IBM"s recovered silicon could help drive down costs for solar panel production.© Gety Images
Computer maker IBM has found a way to save money, reduce waste, and contribute to the development of the solar power industry with just one smart innovation—recycling defective semiconductor chips and sending the recovered refined silicon to manufacturers of photovoltaic solar cells. A worldwide shortage of refined silicon, the key ingredient in both semiconductors and solar cells, has kept prices for solar power artificially high in recent years, and photovoltaic producers welcome the news of IBM’s breakthrough in processing its wasted chips for them.
"It reduces our cost and it reduces our carbon footprint," says Thomas Jagielski, who heads up environmental operations at IBM’s chip factory in Burlington, Vermont. "And it provides resources to the solar industry."
Currently IBM discards upwards of three percent of the semiconductor chips it produces due to flaws that could impact the quality and performance of the computers it helps to create.
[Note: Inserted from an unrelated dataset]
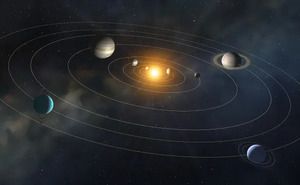 Descubre el sistema solar (miniatura del movimiento de los planetas)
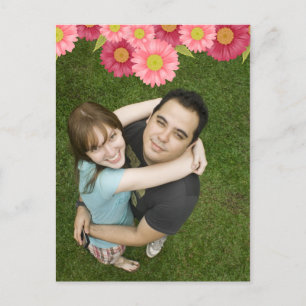 Gerbera Daisy Save the Date Wedding Postcard Ankündigungspostkarte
By recycling these chips, the company expects to save about $1.5 million a year, while getting credit for helping make solar power more affordable for both producers and consumers.
"One of the challenges facing the solar industry is a severe shortage of silicon, which threatens to stall its rapid growth," says Charles Bai of the Chinese solar company ReneSola, which has agreed to purchase some of IBM’s recycled silicon. "This is why we’ve turned to reclaimed silicon materials sourced primarily from the semiconductor industry to supply the raw material our company needs."
Across the computer industry, as many as three million silicon wafers are discarded every year. IBM analysts say that the amount of refined silicon they could harvest from such chips would generate about 13.5 megawatts of energy annually if used in solar cells—enough to power about 6,000 typical American homes.